Bug #1684968 reported by OmegaPhil
8
This bug affects 1 person
Affects Status Importance Assigned to Milestone
Beautiful Soup
Fix Released
Low
Unassigned

Bug Description

Originally posted this in the Google Group but it was ignored (https://groups.google.com/forum/#!topic/beautifulsoup/Q0F5SyfAx_4), so escalating to a bug here:

I have attached a tweet page I'm trying to parse - I fetch all tweets
via 'div.original-tweet', discard examples of 'div.pinned', then try to
detect retweets via 'div[data-retweeter]' (so a div with attribute
'data-retweeter') - however that select never returns a result, and I
have fallen back to detecting '.Icon--retweeted' instead.

I have noticed other times where the first div in a list of divs was not
being returned by a select, but this is the first time for me to look
into it properly.

Here is a cut down version of the code:

========================================================================

import io

import bs4

html_data = io.open('tweet-page').read()
parsed = bs4.BeautifulSoup(html_data, 'lxml')
parsed.select('div.original-tweet')[1].select_one('div[data-retweeter]')

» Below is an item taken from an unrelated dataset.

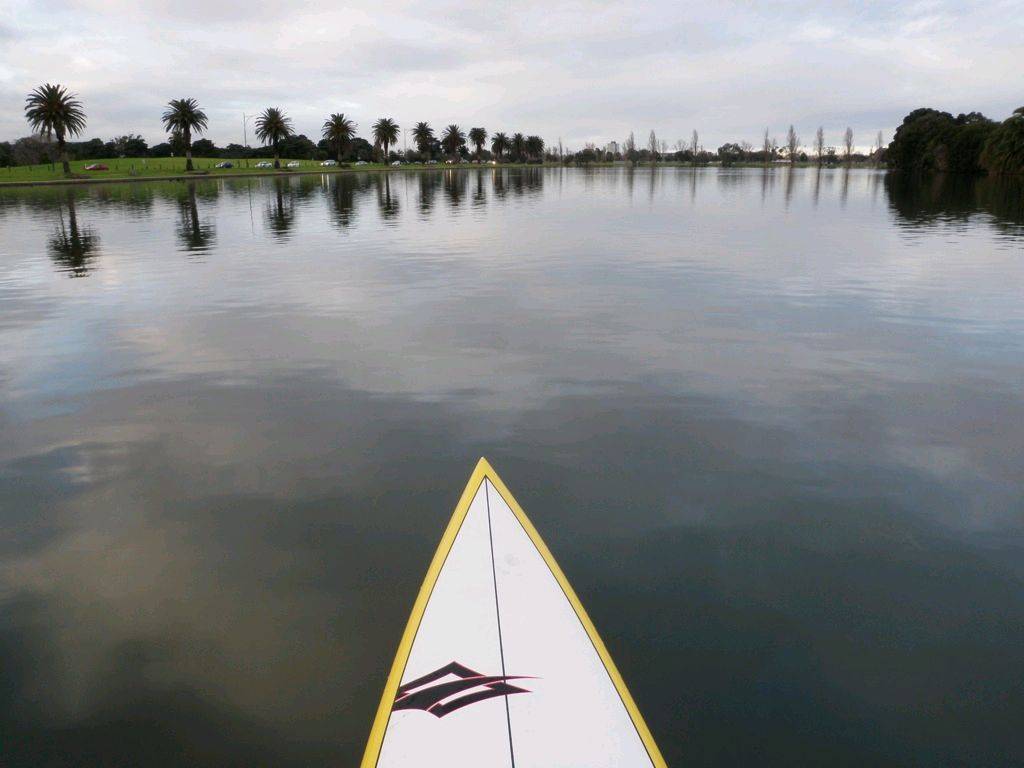 Morning paddle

========================================================================

From 'parsed.select('div.original-tweet')[1]' you can see that the very
first element is a div with attribute 'data-retweeter', but it is not
returned.

For reference if you create a new BeautifulSoup object from the 'parsed.select('div.original-tweet')[1]' result, its wrapped in html/body, and the select succeeds.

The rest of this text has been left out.